On the derivations of lattice Boltzmann evolution equation

TL;DR

This paper provides a detailed comparison of three characteristic-line schemes for deriving the evolution equation in lattice Boltzmann methods: Boesch-Karlin (BK), Taylor-expansion (TE), and He-Luo (HL). By tracing their mathematical mechanisms, including Euler–Maclaurin integration, partial integration with Bernoulli polynomials, and integrating-factor methods, the authors reveal that BK, TE, and HL are equivalent under a continuous $g(t')$ along characteristics, yet differ in assumptions about $g(t')$ and their numerical behavior. The analysis highlights preconditions that must be satisfied for meaningful evolution equations, discusses reach and limitations of each approach, and provides guidance on the most appropriate scheme for a given collision model and application scenario.

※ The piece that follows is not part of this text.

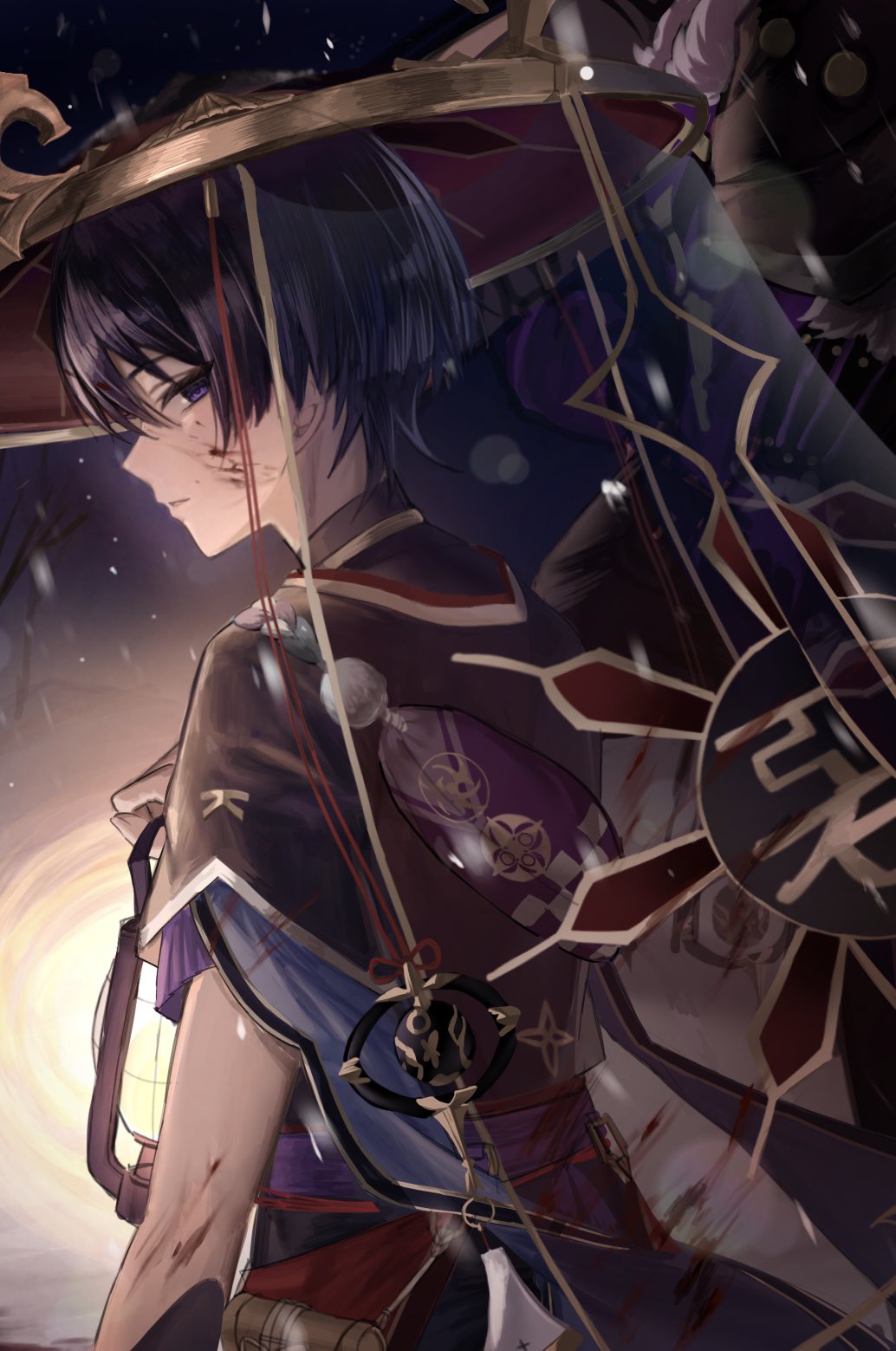 yu (geda4335), electrohammer vanguard (genshin impact), scaramouche (genshin impact), genshin impact, highres, 2boys, arm at side, arm guards, armor, bare tree, black hair, black kimono, black sleeves, blood, blood on arm, blood on clothes, blood on face, blunt ends, bodysuit, eyelashes, fatui logo, from behind, fur collar, furisode, gloves, gold, gold trim, half-closed eyes, haori himo, hat, holding lamp, japanese clothes, jewelry, jingasa, juban, kimono, layered sleeves, looking at viewer, looking back, male focus, mitsudomoe (shape), multiple boys, neck ring, night, parted lips, pauldrons, purple bag, purple eyes, purple gloves, purple rope, purple sash, purple sleeves, red hat, red kimono, red sash, rope, sash, see-through clothes, see-through veil, shimenawa, short sleeves, shoulder armor, sideways mouth, snowing, tomoe (symbol), tree, tsurime, turtleneck, turtleneck bodysuit, veil, white kimono, white rope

The work underscores that while HL is often best for BGK-based evolution, BK and TE offer flexibility and potentially faster convergence when generalized collision models are used, illustrating the trade-offs between analytical exactness and numerical stability. Overall, the paper clarifies the conditions under which these schemes align and how their derivations influence their applicability and future development in LBM theory.

Abstract

A comparative analysis on the popular schemes for evaluating evolution equation in lattice Boltzmann method (LBM) is presented in this paper. It includes two classical characteristic-line schemes, Boesh-Karlin and He-Luo scheme, and a author-proposed scheme, Taylor-expansion scheme, originating from the extension of He-Luo scheme. We detailly discuss the mathematical mechanism and the equilibrium distribution evolution behind them. By analyzing the conflict between prediction and derivation, we address the preconditions for these schemes. At the end, we conclude their pros and cons and suggest scheme's applicable scene based on their derivation procedure and further development capacity.